As an introduction to the topic, though, Handbook is substantially better. As I mentioned, Iceland has clearly done his research. This book presents a detailed analytical picture of who "persons living in poverty" are in america, how they came to be in poverty, and what is being done about their condition. Iceland does a good job distilling raw data into explanatory trends.

I worry, though, that the best audience for this book as an introduction would be put off by Iceland's very mechanical tone. This is definitely not the book to give your novices to get them excited about the debate topic. Iceland's lack of rhetorical fire helps maintain his objective stance, but if you want to hook newbies you need to give them something spicier than "fact soup."

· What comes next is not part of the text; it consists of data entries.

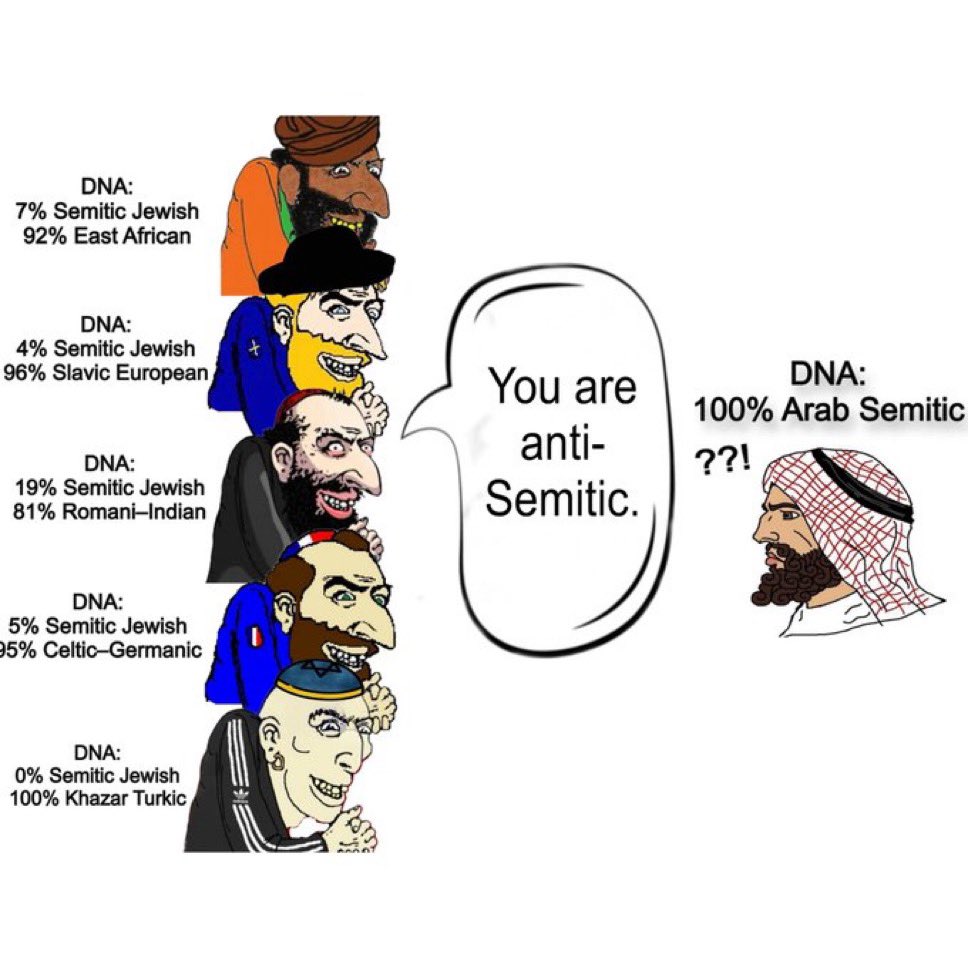 karina ރ 🏳️‍⚧️ྀིྀིྀིྀིྀི🇺🇸 ⚢ tweet media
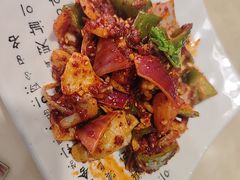 -长顺参鸡汤店(西塔总店)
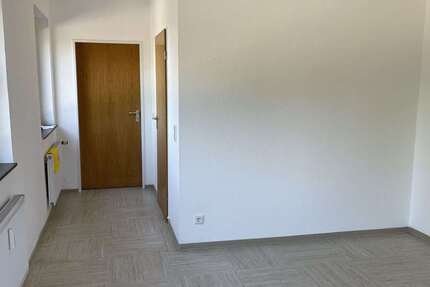 Wohnung zum Mieten in Duisburg 355 € 35 m² 2 zimmer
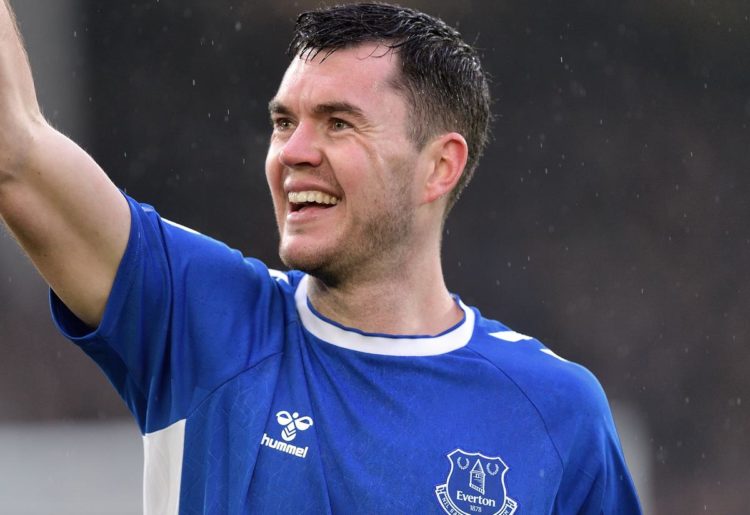 Everton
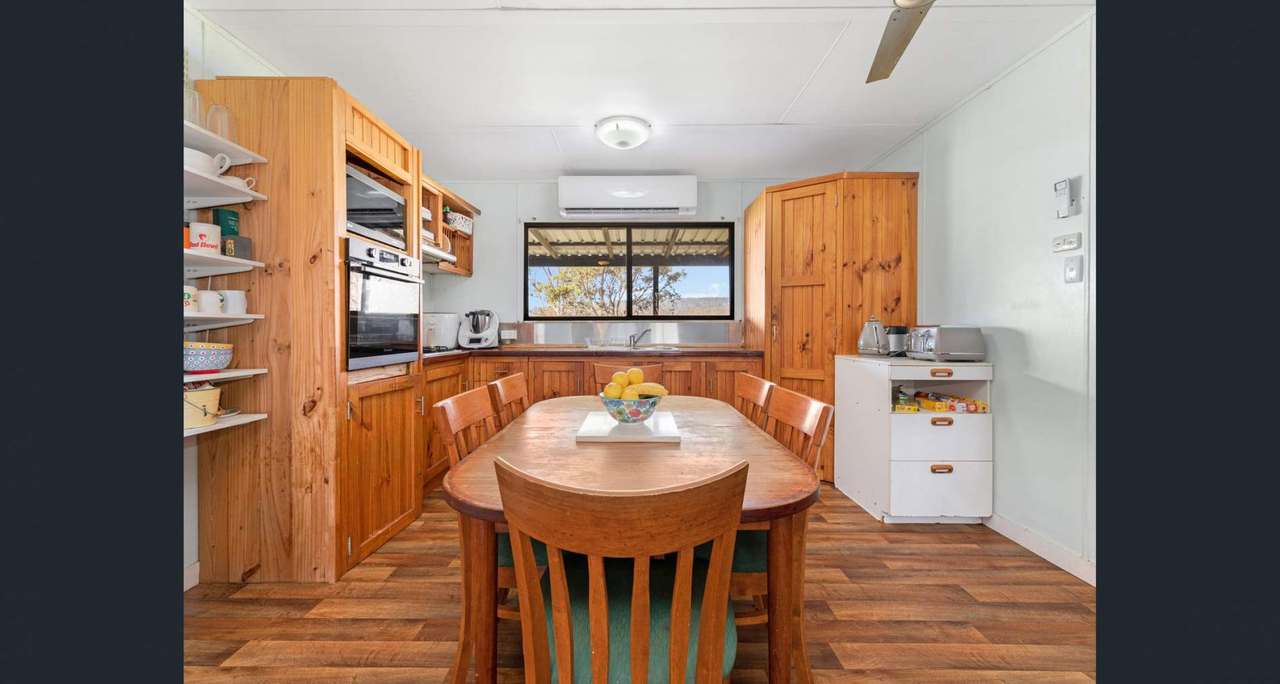 487 Schmidhausers Road, Windera For Sale by Farmbuy.com - image 27
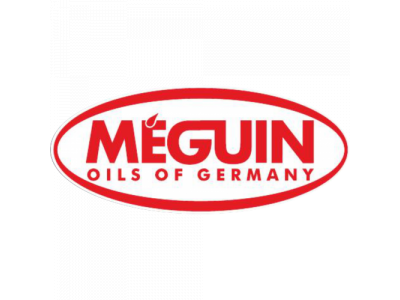 Литиевая смазка высокого давления д/ступ.подшипн. Meguin 4769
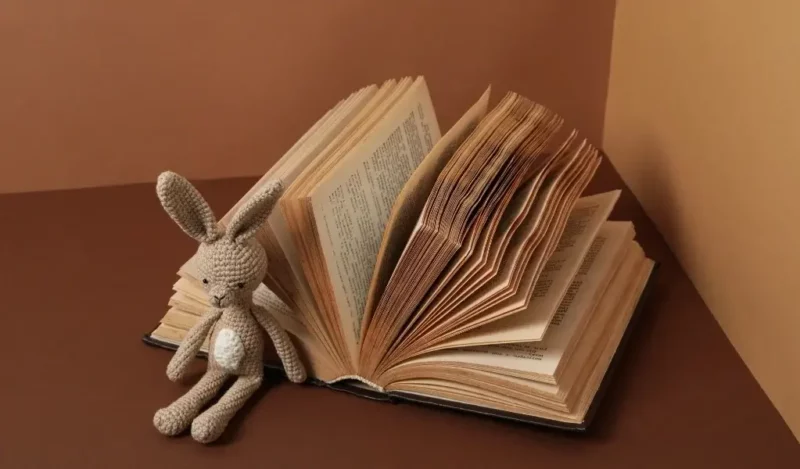 7-sinif-ortaokul-siirleri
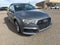 2018 Audi A3 Cabriolet 2.0T Premium Plus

One particular vein of explanation that I found helpful was the discussion of the history of poverty policy in the United States. Iceland traces America's attitude toward people living in poverty from colonial poorhouses and indentured servitude, through reconstruction, the great depression, the great society, and into the 21st century. A lot has changed in the American narrative on poverty over the years, the increase in government aid for example, but a lot hasn't. We still seperate the poor into two groups, the "deserving" and the "undeserving", and a lot of times we draw the line between the two groups in a way that's not entirely rational. I think that there will be many a Kritik next year (aff and neg) that starts at that division, so it's a useful background to have.

Another thread that Iceland weaves into the book rather well is the idea that there are many popular misconceptions about what poverty is like in the United States. I wouldn't be surprised if my debaters (especially my novices) begin next year with the notion that most people who live in poverty are minorities (they aren't, though disproportionately many do), that most people in poverty don't work (most do), that people in poverty tend to stay there all their lives (they don't), and other bits of folk knowledge about poverty. Iceland does a good job dispensing with these myths, though it'll take some cut-and-paste to get all those sections together.

I think that's the bottom line on the Handbook. There's a lot of material that can provide a useful introduction, but it's spread out in a book that comes off pretty dry and mechanical. I get the impression that Iceland could have condensed the tasty parts of the book into a long article that would get a huge recommendation from me, but as it stands the book gets my tepid recommendation.